How to put multiple conditions (one or and two and) in np.where function

Question

I have a numpy array of several rows and three columns. I want to do a np.where function to find two rows among all the existing rows. The first row I want is the row that has the least values of the second column and also its third column is the minimum one among others. The second row is among the rows that have the highest values in their second column. And my target has the least value of in its third column among these rows.

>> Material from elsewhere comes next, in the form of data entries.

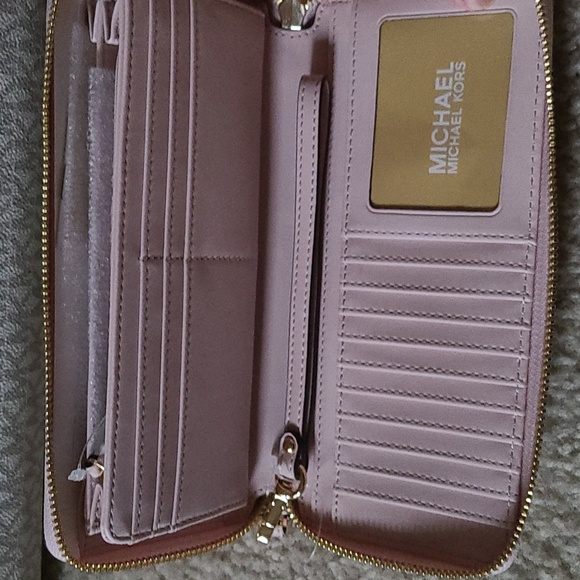 Michael Kors Jet Set Travel XL Duffle Weekender Luggage Bag Vanilla & Wallet - Picture 6 of 8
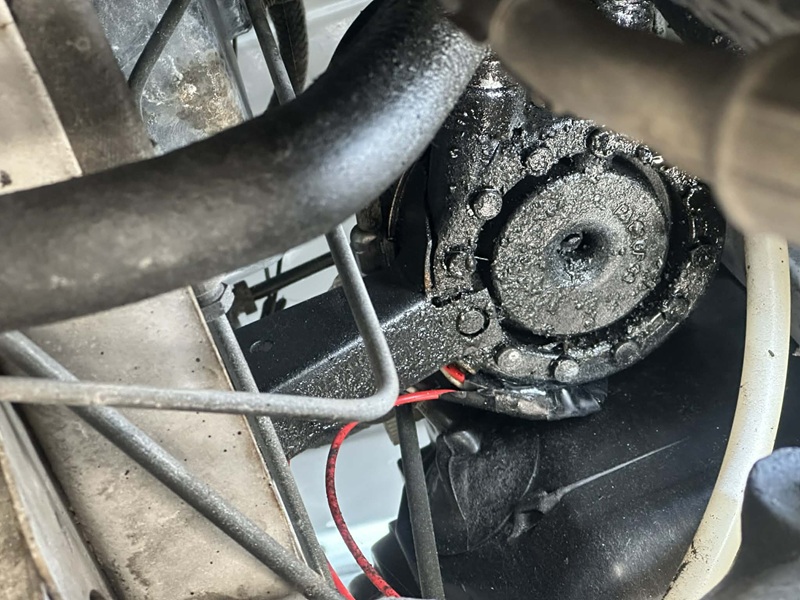 pompe de DA vue de prêt.jpg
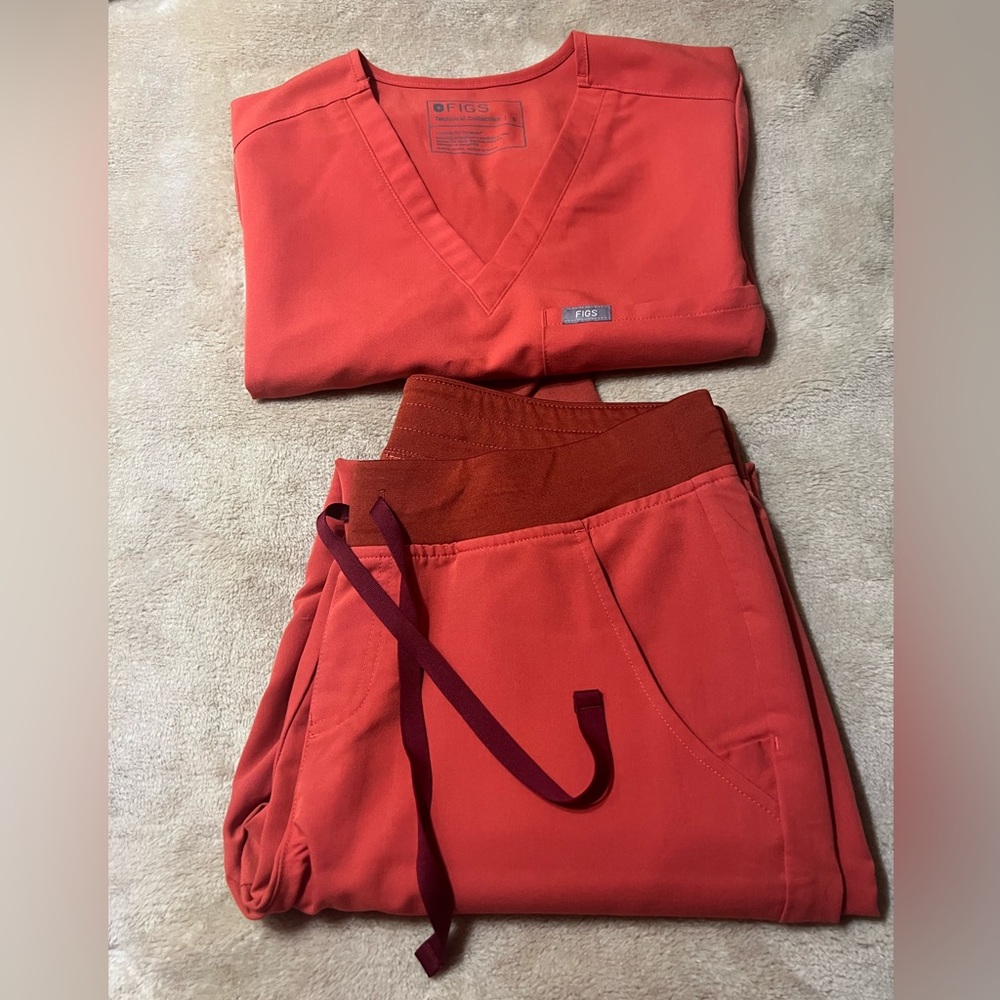 Women’s Figs scrubs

It is my data set:

arr=np.array([[6. , 1. , 1.2],
              [5.5, 3. , 1.5],
              [5. , 1. , 2. ],
              [5. , 3. , 2. ],
              [5. , 6. , 2. ],
              [4. , 1. , 3. ],
              [4. , 3. , 3. ],
              [4. , 6. , 3. ],
              [3. , 1. , 4. ],
              [3. , 3. , 4. ],
              [3. , 6. , 4. ]])

Then I tried using two & and one |:

arr[np.where(((arr[:,1]==min(arr[:,1])) & (arr[:,-1]==min(arr[:,-1]))) |
             ((arr[:,1]==max(arr[:,1])) & (arr[:,-1]==min(arr[:,-1]))))]

To get the

np.array([[6. , 1. , 1.2], [5. , 6. , 2. ]]

But it is only giving me:

np.array([[6. , 1. , 1.2]]

I do appreciate any help to solve my problem.

Answer 1

a1 = arr[:, 1]
a2 = arr[:, 2]
a1mn = a1.min()
a1mx = a1.max()
ia1mn = (a1 == a1mn)
ia1mx = (a1 == a1mx)

out = arr[(ia1mn & (a2 == a2[ia1mn].min())) | (ia1mx & (a2 == a2[ia1mx].min()))]

Answer 2

This should work as you expected

arr1 = arr[arr[:,1]==min(arr[:,1])]
arr1 = arr1[(arr1[:,-1]==min(arr1[:,-1]))]

arr2 = arr[(arr[:,1]==max(arr[:,1]))]
arr2 = arr2[(arr2[:,-1]==min(arr2[:,-1]))]

np.concatenate([arr1, arr2])